June 24, 2026 · 0 Comments
By JAMES MATTHEWS
My son once found a colourful marble in the loose sand of an Iqaluit school playground. Pretty sure it was one of those Cat’s Eye marbles prized during games in the dirt when I was a child. I remember there were luminous yellow and warm orange ribbons inside the marble. It became his treasure.
I still see him in his Thor cap and Spiderman windbreaker, big blue eyes wonder-widened. Showing me the treasure he’d found. His arm outstretched toward me, and he looked at the treasure in his palm. The child’s cheeks. Light fine hair from under his cap.
Thor was his favourite Avenger then, and I still hear how he’d mispronounced the name as Thorn. He used to choose a toy before bedtime, and he’d sleep with that car, action figure, or pieced-together bit of Lego. I’d often nod off next to him while reading a book or telling made-up stories about a giraffe we’d named Jerry. Or bits of fabricated family history, like how his uncle Chris was found as a baby floating down the Humber River in an old boot.

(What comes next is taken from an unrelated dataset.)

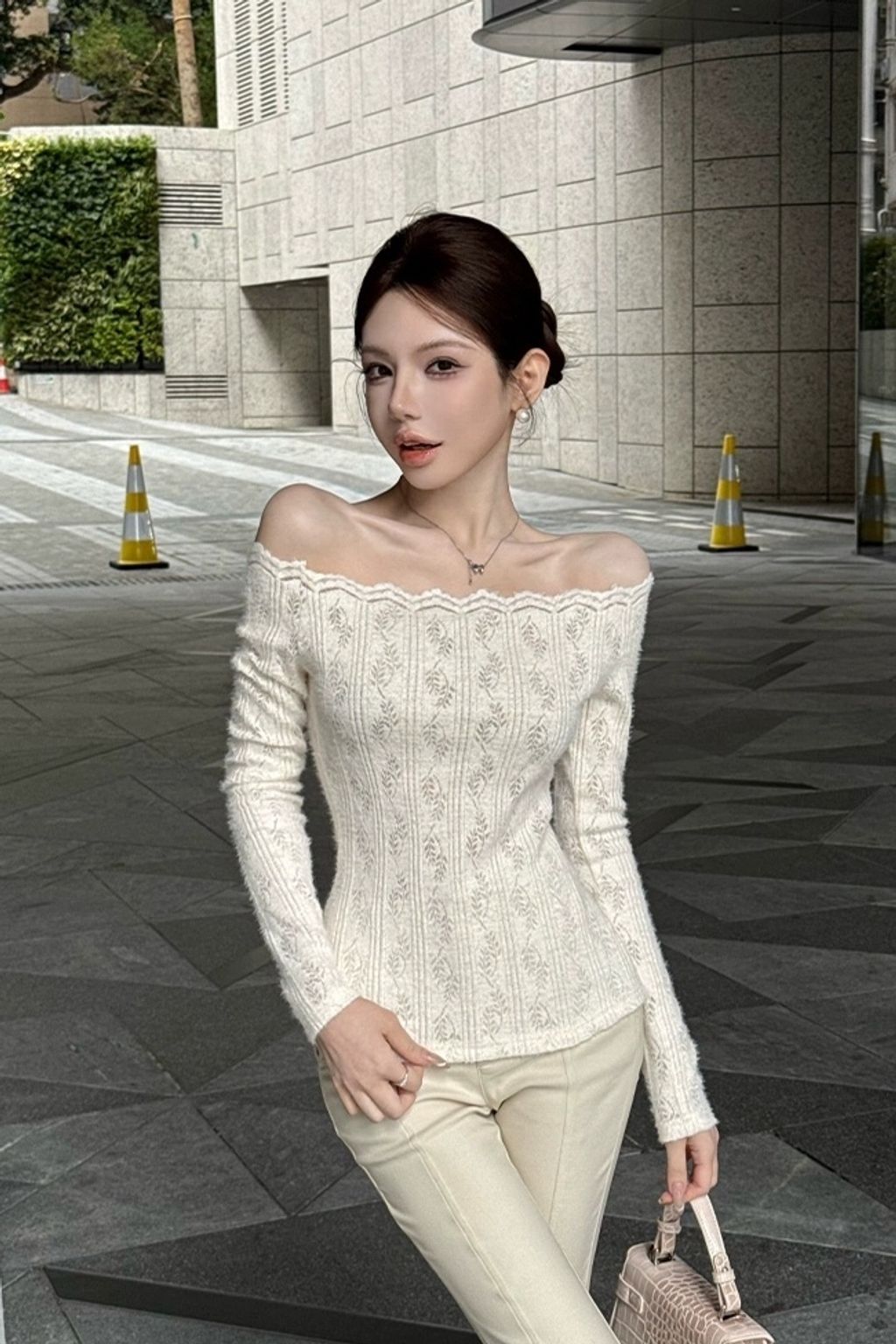 1763021552741_edit_1371413344979394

The boy is 20 years old now and in university. Says he wants to be a writer, and I heard my own father’s voice from my mouth when I cautioned the lad about the folly in choosing to hitch his wagon to writing in an age when nobody reads. Other than social media offerings, anyway. But it seems nobody reads books anymore.
That look of wonder and pride stayed with me, an image that visits me in the moment before sleep when I’m typically touched by such memories. A moment is a minute, or it’s an hour. And years seem to be eye-blinks when you’re watching children become adults. Moments arranged become a life. A generation arrives as another generation passes.

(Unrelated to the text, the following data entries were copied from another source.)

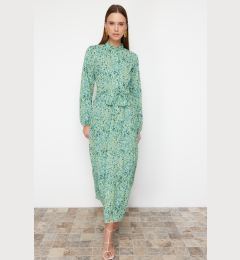 Снимка на Trendyol Emerald Green Patterned Belted Stand Collar Lined Chiffon Woven Dress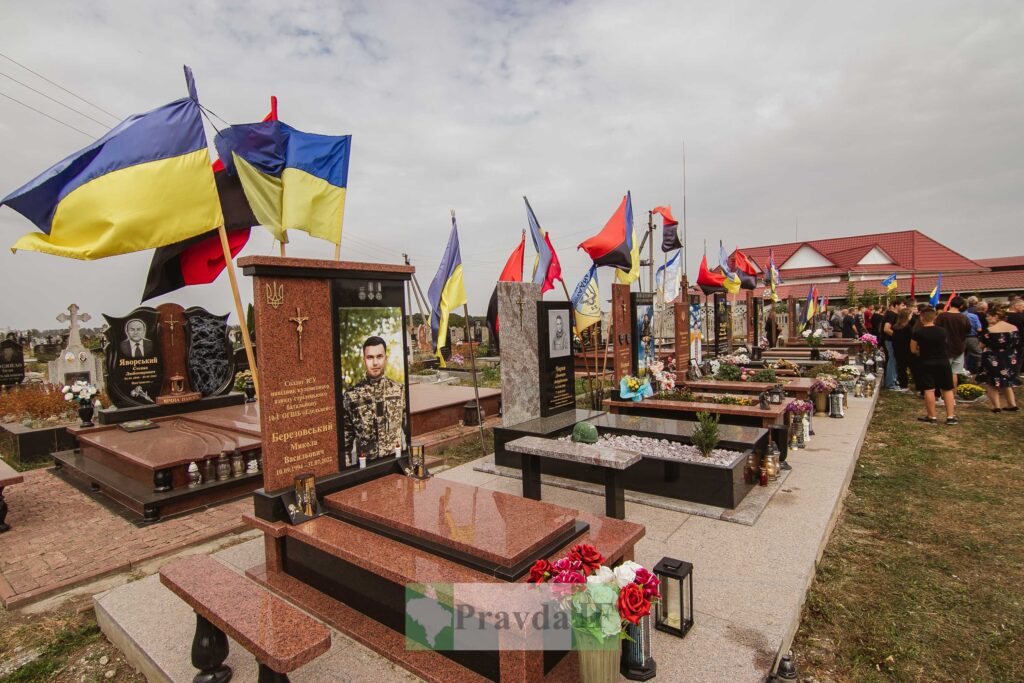 В Городенці поховали полеглого героя Ігоря Левицького. ФОТО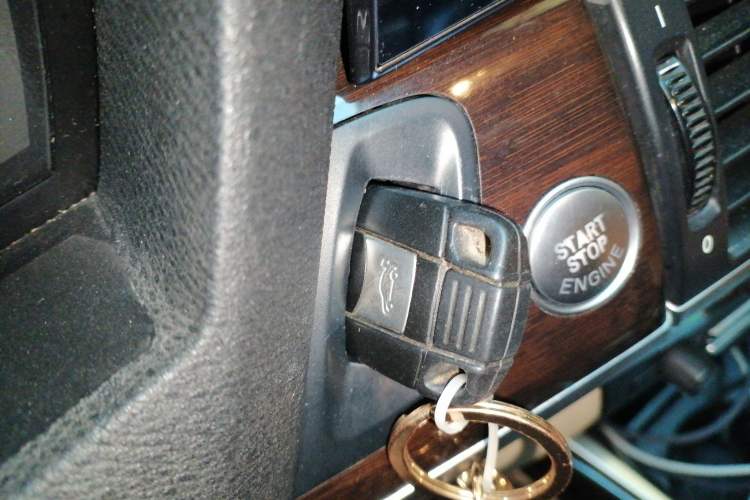 Used BMW X5 2013 xDrive35i Leading Model Vehicle Key
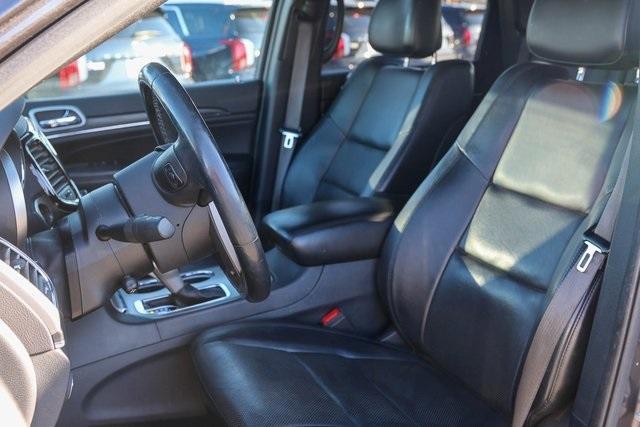 used 2020 Jeep Grand Cherokee car, priced at $18,000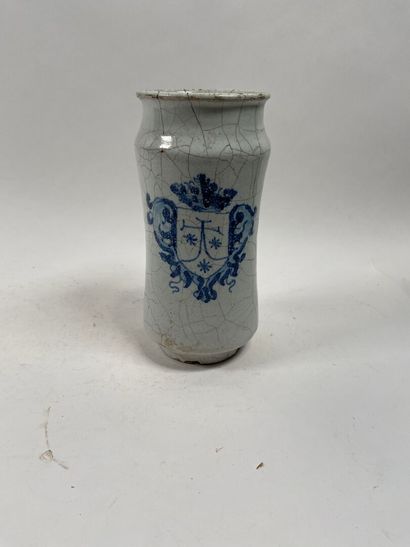 ESPAGNE, TALAVERA, XVIIIe.
Albarello en faïence...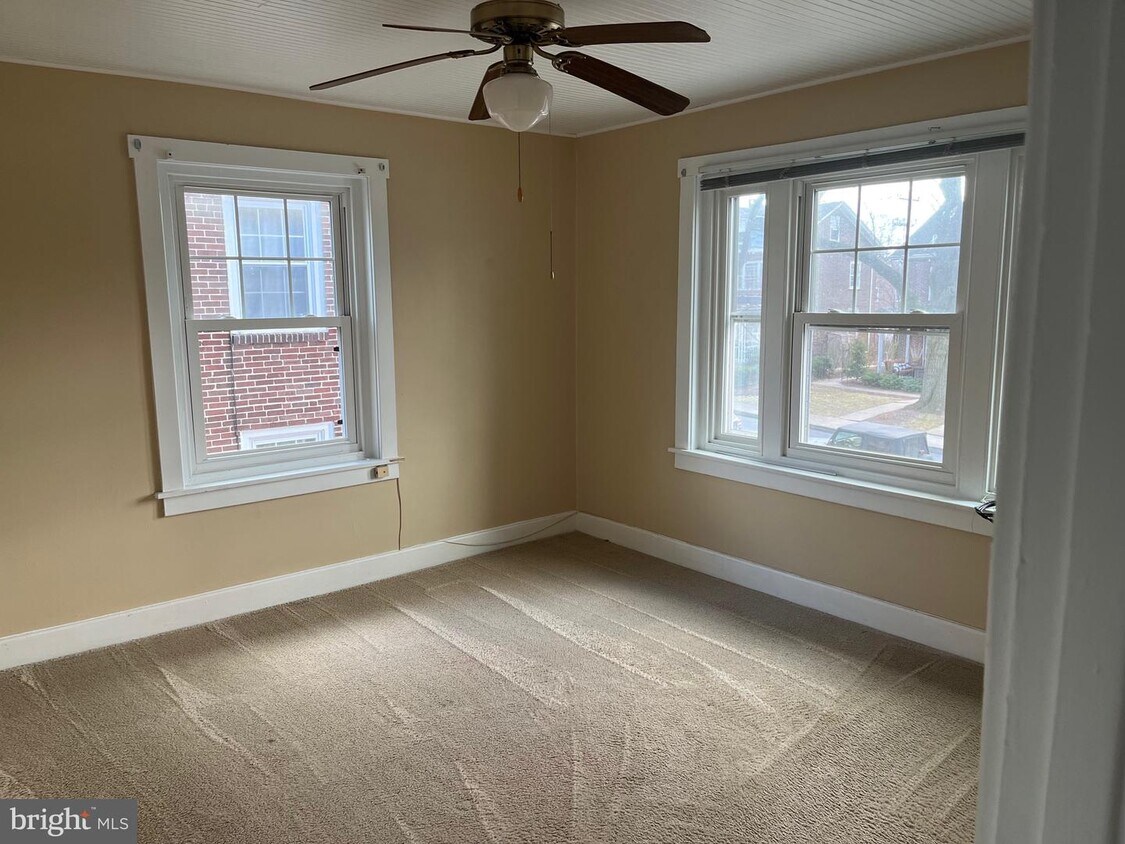 Foto principal - 437 Oak Terrace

A measure of a person is the people they leave behind. It goes more toward identity than professional and social metrics, the attained levels of education, and even the numbers on ATM bank slips.

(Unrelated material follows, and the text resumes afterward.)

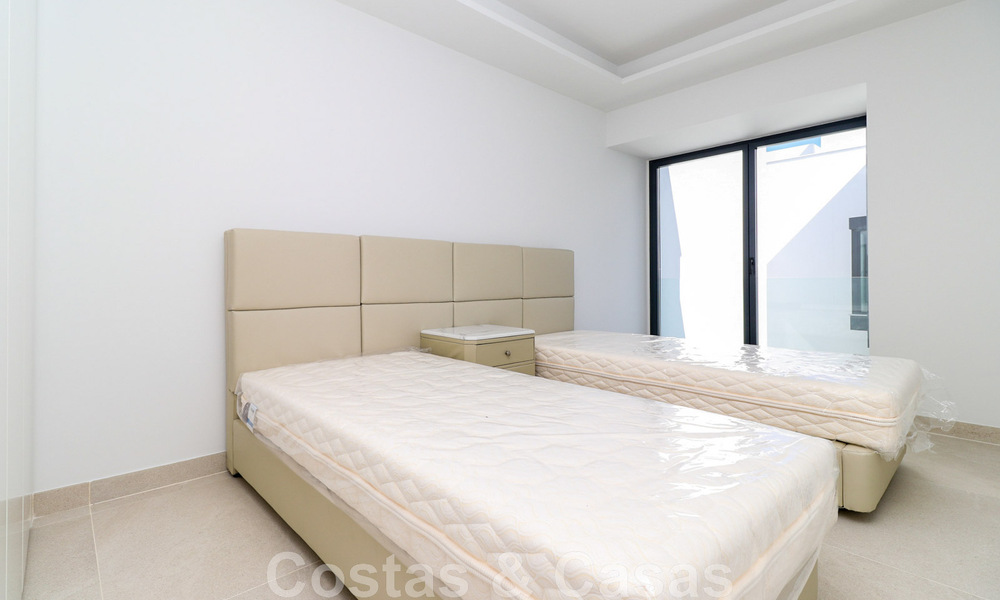 Instapklare, modernistisch hoekhuis met frontaal zeezicht te koop op enkele minuten lopen van Estepona centrum 786299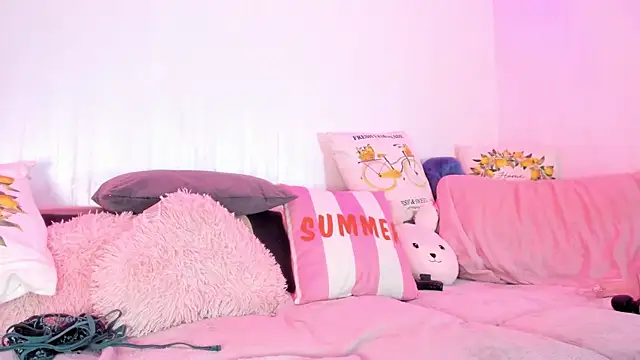 RileyNox webcam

The calibre of people you’ve influenced, how you’ve helped them become the people they are, speaks about you when you’re gone. It’s one of the ways a person is more than the soup of chromosomes and blood and bone.
My son was so pleased with a treasure uncovered from the tundra dirt. My memory of that softens a contrary disposition that’s been stoked by the world’s ways over the many moments between then and now. Poets and writers flail around in the murk of metaphor and simile to describe a treasure like a simple marble in playground sand.
I have my father’s name and more than a few of his mannerisms. I can’t say if I’ve ever gone to him with a Cat’s Eye marble with luminous yellow and warm orange ribbons inside. He’d remember if I did. But he died in July.
How many fathers get to save their son’s life, I wonder. He did. Just by being there, as he had been many times in my life. Specifically and actually, he saved me from a hypothermic death in the cold Arctic October water of the Sylvia Grinnell River in Iqaluit.
He wasn’t even supposed to be there. About a decade ago, that was, and he showed up unexpectedly. A friend of mine, the guy I named my son after, the son who found the Cat’s Eye marble, offered my father a few weeks’ work. My dad retired from teaching high school. So he bounced between Ontario and Nunavut, where his sons and grandchildren were.
I can’t yet talk about the details and circumstances of the river. Other than to say my father saved me that October before the ice had completely set at Sylvia Grinnell’s mouth to Frobisher Bay.
The cold was brutal then. And there has been something of it during the months since Dad died.